Что ж, теперь ваш ход, мистер А.Г. Он привычно складывает ладони домиком и морщится — нет, любимого жеста теперь лучше избегать, не слишком эстетичное зрелище. Сидящий напротив тоже морщит губы в странной усмешке:

— Значит, простое любопытство. Кажется, понимаю, почему вы сейчас лукавите — пообещали помощь, а потом сочли, что несколько переоценили свои... эээ... физические возможности?.. Что ж, я благодарен, что хотя бы пришли, мистер А.Д. — впрочем, я уже расшифровал загадочные инициалы. — Усмешка становится довольной. — Сами понимаете, крайне редко удается увидеть магическую прессу, но ваши колдографии прошлым летом были на первых полосах всех выпусков наших газет, профессор Дамблдор.

— У вас отличная зрительная память, мистер Гриндельвальд. — Он тоже позволяет себе одобрительную усмешку. — И явная авантюрная жилка — не каждый решится бросить все дела и отправиться в чужую страну на встречу с человеком, которого даже не знает. Как добирались — воспользовались порталом?

Вот теперь полыхнуло всерьез — юнец вскакивает, чуть не смахнув пепельницу на пол, и пришепетывающий акцент в низком яростном голосе становится заметнее:

— При чем тут авантюрная жилка? Вы бы тоже отправились к кому угодно, будь вы сквибом и понадейся на чудо! Портал!.. Будто вам не известно, что сквибы обречены всю жизнь задыхаться в магловском транспорте, пользоваться магловской почтой, жить в магловских гостиницах! Не думал, что вам свойственна такая... такое равнодушие, способность походя унизить человека — или сквибы в вашем понимании не вполне люди?..

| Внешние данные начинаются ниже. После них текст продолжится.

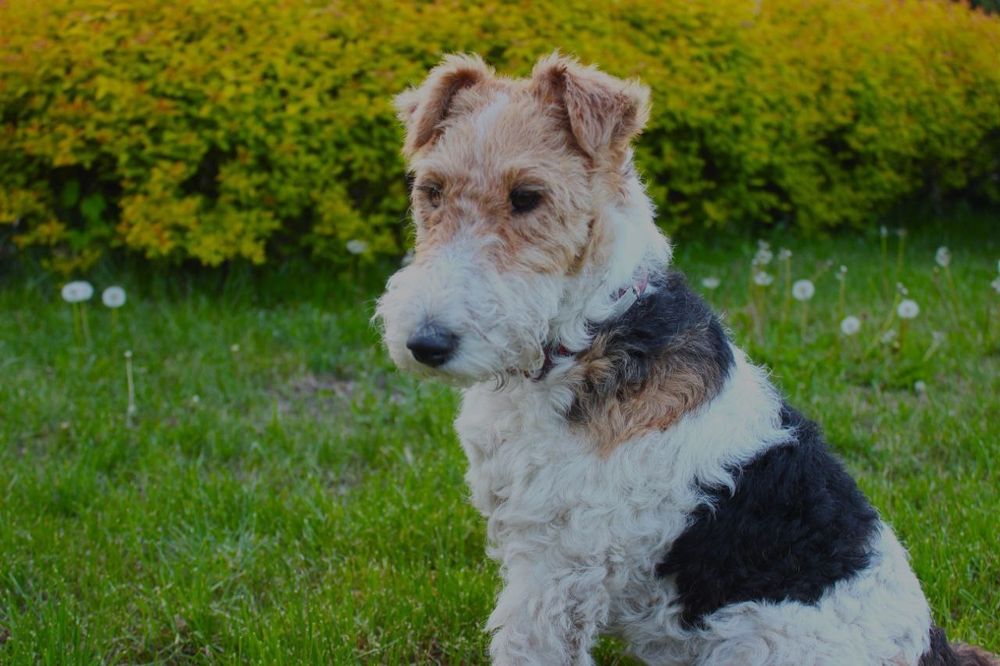 Фотограф та відеограф ДЕШЕВО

Он мечется по комнате, натыкаясь на мебель, нелепо взмахивая руками и что-то еще выкрикивая — Дамблдор почти не вслушивается: неважно, ничего принципиально нового ему сейчас не сообщат. Значит, сквиб. Он вспоминает, как, опешив, дважды перечитал строки из того письма, но смысл написанного не изменился — внучатый племянник Геллерта "от рождения лишен магической силы".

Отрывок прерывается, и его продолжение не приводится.